Of course, this entirely depends on each individual’s eagerness to become knowledgeable and keep current with what is going on. In high school it was far easier to keep up with current affairs, both domestic and international, through history, international relations, government, and even language arts classes because we were in a smaller environment and had a specific course load we had to complete. Sure, in college we have general education requirements that allow us to take these types of classes, but after a semester or two, the requirement is fulfilled, and we are left to our own devices.

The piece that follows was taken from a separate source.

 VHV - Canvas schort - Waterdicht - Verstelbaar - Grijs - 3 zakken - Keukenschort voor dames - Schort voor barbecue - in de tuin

Afterwards, many of us don’t feel obligated to keep current because we know we won’t have to talk about these things publicly in order to get participation points in class or write a paper about a certain topic to get a good grade. Instead, we watch short video clips that relay snippets of information or rely on lighthearted articles to provide us with explanations of complex issues.

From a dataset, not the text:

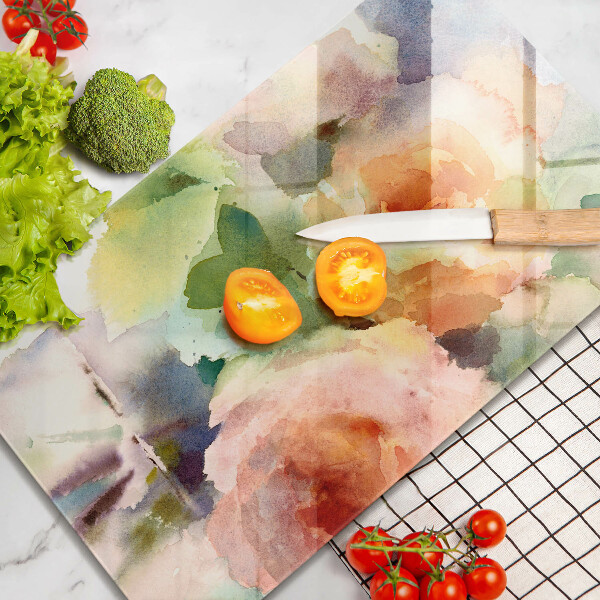 Steklena podloga za rezanje Poslikane rože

Many students had determined opinions about the lack of enthusiasm college students have when it comes to keeping up with current events. When asked if they believe their peers are socially conscious, one responder said, “Rather than being aware of Zika, for example, [college students] are more concerned with Vines and Buzzfeed lists. We are the future, so why have we stopped learning about the world around us? With every possible tool at our disposal with three clicks of a mouse, anything can be accessed yet we refuse to better ourselves.”
Older generations critique our lack of worldly knowledge by blaming our affinity for social media – I’m sure we’ve all gotten a line or two about how “you spend all your time on your stupid phone.” When really, social media is an invaluable resource for us to use precisely for becoming more culturally aware. Simply following official news sources (CNN, BBC, etc.) on Twitter, reading a shared article on Facebook, picking up a newspaper, or even turning on the news as background noise when doing homework are tiny steps we can take to take advantage of all of the facts that are quite literally at our fingertips.

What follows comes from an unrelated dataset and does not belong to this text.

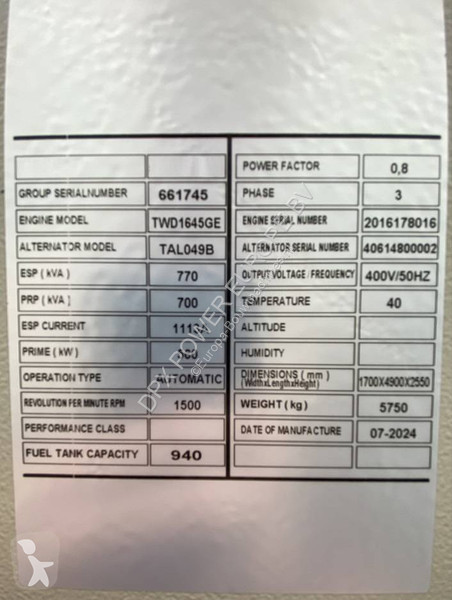 آلة لمواقع البناء Volvo TWD1645GE - 770 kVA...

As author John Naisbitt said, “We are drowning in information but starved for knowledge.” I’m sure as we were growing up we had teachers and parents telling us that we have the potential to change the world. Although many people have begun doubting this and their influence in the scope of the world, I have maintained my faith. Of course, it may seem like a single individual is but a mere drop in the entire population, but collectively, we have the capability of becoming a generation that is more open-minded, globally conscious, and attentive in a spectrum larger than our own – and that can be the lasting mark we leave on the world.